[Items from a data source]
***

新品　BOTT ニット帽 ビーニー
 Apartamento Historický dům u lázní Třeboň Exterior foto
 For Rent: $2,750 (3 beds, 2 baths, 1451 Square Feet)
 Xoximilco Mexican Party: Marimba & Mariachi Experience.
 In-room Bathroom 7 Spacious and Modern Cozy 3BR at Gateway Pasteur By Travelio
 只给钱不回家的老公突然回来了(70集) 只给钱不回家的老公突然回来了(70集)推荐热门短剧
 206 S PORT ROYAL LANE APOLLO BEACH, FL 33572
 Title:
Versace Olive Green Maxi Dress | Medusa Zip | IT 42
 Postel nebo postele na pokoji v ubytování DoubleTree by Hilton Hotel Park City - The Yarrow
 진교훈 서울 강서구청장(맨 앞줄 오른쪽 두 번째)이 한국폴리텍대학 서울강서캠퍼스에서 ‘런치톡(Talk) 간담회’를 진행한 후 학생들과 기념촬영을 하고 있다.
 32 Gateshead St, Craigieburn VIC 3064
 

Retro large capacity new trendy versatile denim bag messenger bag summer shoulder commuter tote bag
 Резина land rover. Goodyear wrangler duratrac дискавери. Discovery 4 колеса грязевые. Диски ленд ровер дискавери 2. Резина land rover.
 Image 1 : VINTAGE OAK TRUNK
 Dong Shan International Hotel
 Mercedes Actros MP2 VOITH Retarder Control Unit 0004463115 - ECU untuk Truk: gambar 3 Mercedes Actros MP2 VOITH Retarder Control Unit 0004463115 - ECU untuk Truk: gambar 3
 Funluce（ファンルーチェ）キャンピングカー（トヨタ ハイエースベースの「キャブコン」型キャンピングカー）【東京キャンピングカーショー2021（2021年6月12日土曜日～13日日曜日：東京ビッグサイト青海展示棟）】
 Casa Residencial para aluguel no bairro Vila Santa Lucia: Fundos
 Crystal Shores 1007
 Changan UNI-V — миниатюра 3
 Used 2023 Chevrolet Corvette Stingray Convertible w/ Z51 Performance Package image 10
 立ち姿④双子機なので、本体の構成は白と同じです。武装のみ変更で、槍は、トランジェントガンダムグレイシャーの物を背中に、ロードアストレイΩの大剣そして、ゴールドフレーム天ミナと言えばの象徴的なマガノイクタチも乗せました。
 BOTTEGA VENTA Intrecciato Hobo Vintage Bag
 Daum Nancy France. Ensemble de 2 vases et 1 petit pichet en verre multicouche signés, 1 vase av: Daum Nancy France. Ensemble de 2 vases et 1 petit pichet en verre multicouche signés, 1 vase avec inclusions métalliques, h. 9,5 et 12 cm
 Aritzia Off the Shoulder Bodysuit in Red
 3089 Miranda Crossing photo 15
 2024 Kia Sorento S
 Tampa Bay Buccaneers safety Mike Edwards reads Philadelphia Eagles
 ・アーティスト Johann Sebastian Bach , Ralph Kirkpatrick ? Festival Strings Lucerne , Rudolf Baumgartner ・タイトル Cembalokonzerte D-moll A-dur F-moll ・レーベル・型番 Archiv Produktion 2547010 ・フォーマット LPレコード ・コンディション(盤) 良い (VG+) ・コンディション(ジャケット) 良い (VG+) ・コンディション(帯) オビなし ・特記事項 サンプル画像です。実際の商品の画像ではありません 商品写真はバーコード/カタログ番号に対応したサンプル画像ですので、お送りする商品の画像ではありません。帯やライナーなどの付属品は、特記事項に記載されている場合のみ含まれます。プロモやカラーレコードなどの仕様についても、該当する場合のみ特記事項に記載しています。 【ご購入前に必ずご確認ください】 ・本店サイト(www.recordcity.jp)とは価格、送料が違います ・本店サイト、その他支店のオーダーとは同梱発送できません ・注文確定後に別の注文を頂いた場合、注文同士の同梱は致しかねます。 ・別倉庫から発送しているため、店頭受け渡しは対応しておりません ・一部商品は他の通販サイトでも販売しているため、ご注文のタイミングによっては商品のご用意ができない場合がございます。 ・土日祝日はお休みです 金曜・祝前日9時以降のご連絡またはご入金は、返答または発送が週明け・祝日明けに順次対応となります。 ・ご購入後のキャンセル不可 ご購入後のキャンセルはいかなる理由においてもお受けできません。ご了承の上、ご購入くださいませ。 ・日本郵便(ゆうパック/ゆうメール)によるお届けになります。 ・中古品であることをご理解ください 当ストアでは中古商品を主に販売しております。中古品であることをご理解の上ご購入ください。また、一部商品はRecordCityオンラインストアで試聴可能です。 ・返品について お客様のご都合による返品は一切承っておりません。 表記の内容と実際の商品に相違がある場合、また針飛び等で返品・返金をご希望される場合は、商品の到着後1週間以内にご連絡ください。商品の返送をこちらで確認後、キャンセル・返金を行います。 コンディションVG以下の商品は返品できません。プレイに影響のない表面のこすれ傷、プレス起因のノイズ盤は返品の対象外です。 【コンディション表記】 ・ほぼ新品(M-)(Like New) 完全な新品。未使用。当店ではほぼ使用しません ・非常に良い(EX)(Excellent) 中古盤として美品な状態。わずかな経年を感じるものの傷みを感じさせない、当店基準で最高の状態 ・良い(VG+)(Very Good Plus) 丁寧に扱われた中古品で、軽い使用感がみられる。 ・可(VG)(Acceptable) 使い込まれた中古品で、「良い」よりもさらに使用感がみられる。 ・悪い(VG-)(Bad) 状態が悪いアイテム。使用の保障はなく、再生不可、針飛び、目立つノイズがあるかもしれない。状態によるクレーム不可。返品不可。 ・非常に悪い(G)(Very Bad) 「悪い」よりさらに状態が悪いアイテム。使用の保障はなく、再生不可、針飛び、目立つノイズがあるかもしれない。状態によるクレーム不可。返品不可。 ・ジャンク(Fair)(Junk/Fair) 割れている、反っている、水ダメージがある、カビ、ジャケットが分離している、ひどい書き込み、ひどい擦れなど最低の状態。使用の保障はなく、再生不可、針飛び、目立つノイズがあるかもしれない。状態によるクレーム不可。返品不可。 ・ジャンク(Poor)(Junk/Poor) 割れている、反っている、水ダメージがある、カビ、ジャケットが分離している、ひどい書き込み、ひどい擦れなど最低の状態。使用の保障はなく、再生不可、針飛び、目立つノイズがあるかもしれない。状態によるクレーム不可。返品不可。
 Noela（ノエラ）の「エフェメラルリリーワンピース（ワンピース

***

EXERCISE »
Each line that holds the string "Hotel" is to be copied from the entries above.

PROBLEM SOLUTION »
 Postel nebo postele na pokoji v ubytování DoubleTree by Hilton Hotel Park City - The Yarrow
 Dong Shan International Hotel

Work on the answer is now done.